The above-mentioned method avoids a drop in the signal quality caused by situations in which the mobile station enters a region of poor signal quality. The data rate is more constant and a loss of data packets is reduced. Furthermore, a breakdown of the connection is less likely. Another advantage is that the invention facilitates a seamless mobility within and between networks belonging to different communication standards.

A mobile station according to the invention might be a mobile phone, a laptop, a notebook, a PDA or similar electronic devices.

There are at least two ways in which the above-mentioned method is carried out.

In a first alternative mobile station measures its geographical position and transfers this information to the communication network. In order to know which base station might serve the mobile station in the alternative, and might do this with a good signal quality, the mobile station sends the above information to the communication network. Furthermore, the mobile station may complement the above information with measurement results of the signal quality of the serving cell and neighbor cells to the communication network. The communication network determines the proximity of the mobile station to a geographical region with poor signal quality. The last step assumes that the communication system knows where these geographical regions are located. When the mobile station is close to such a region the communication network carries out the handover when the mobile station is close to it. Normally, this is done by a base station controller controlling the operation of a multitude of base stations. In the alternative this is done by a base station.

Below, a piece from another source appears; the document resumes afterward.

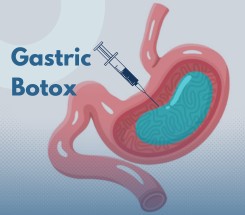Weight Loss Procedures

In a second alternative the mobile station knows where the geographical regions of poor signal quality with respect to a preselected base station are located. The corresponding data is stored in a storage memory of the mobile station, and the mobile station measures its geographical position. It determines the proximity to a geographical region with poor signal quality with the help of the data which is stored in its storage memory. If it comes close to such a region the mobile station sends a request for a handover to the communication network. In order to know which base station might serve the mobile station in the alternative, and might do this with a good signal quality, the mobile station may perform measurements on the serving link and appropriate links of neighbor cells and may complement the request for a handover with these measurement results. Then the network automatically performs a handover, or simply uses this request as one additional parameter in the decision whether a handover should be performed or not.

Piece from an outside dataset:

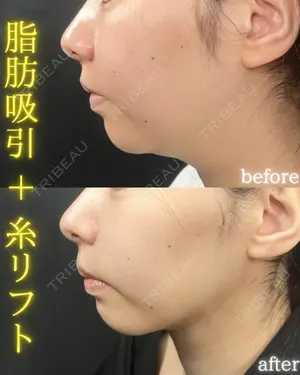 30 days after image
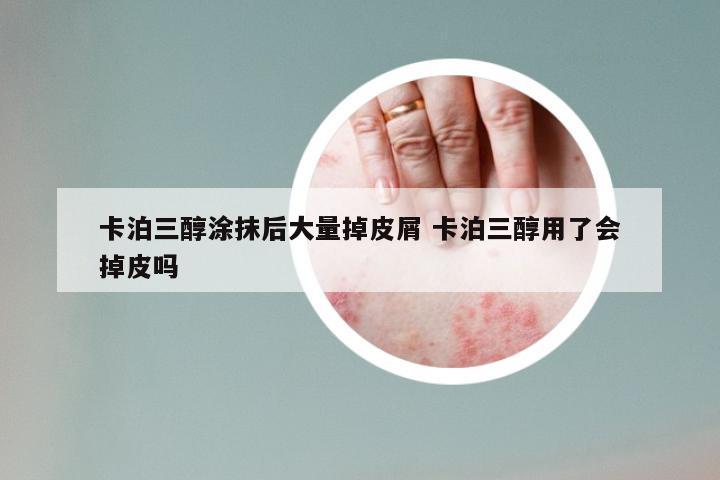 卡泊三醇涂抹后大量掉皮屑 卡泊三醇用了会掉皮吗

Furthermore the method described above can be carried out in homogenous networks as well as in heterogeneous networks. In the first case the first base station and the second base station satisfy the same standard for communication networks. As an example, both base stations provide UMTS services. In the second case the base stations satisfy different standards for communications systems. As an example, the first base station provides UMTS services, and the second base station belongs to a WIMAX system or a WLAN system.

In the above-mentioned second alternative for carrying out the method according to the invention the data is stored in a storage memory of the mobile station. In order to limit the memory space needed for that purpose it is suggested that the data stored in the mobile station refers to a geographical area of predefined spatial extension, and that the mobile station is located in this geographical area. The size of this geographical area can be chosen to be smaller or larger depending on the memory space available. For practical reasons it will only refer to a small area if the mobile station is always used in the same area, for example between home and place of employment. To save memory space only base stations with the same radio access technologies the mobile station can use might be stored in the memory space. The geometrical shape of the geographical area might be chosen according to the needs and may be cell-like.

For practical reasons it might be desirable that the data covers a large geographical area such as a whole country in cases when the mobile station is used by a highly mobile owner. On the other hand it is desirable that a mobile station only stores data limited to a certain region as explained in the last paragraph. Both needs can be accomplished by storing the data within the communication network, and updating the data of the mobile station accordingly.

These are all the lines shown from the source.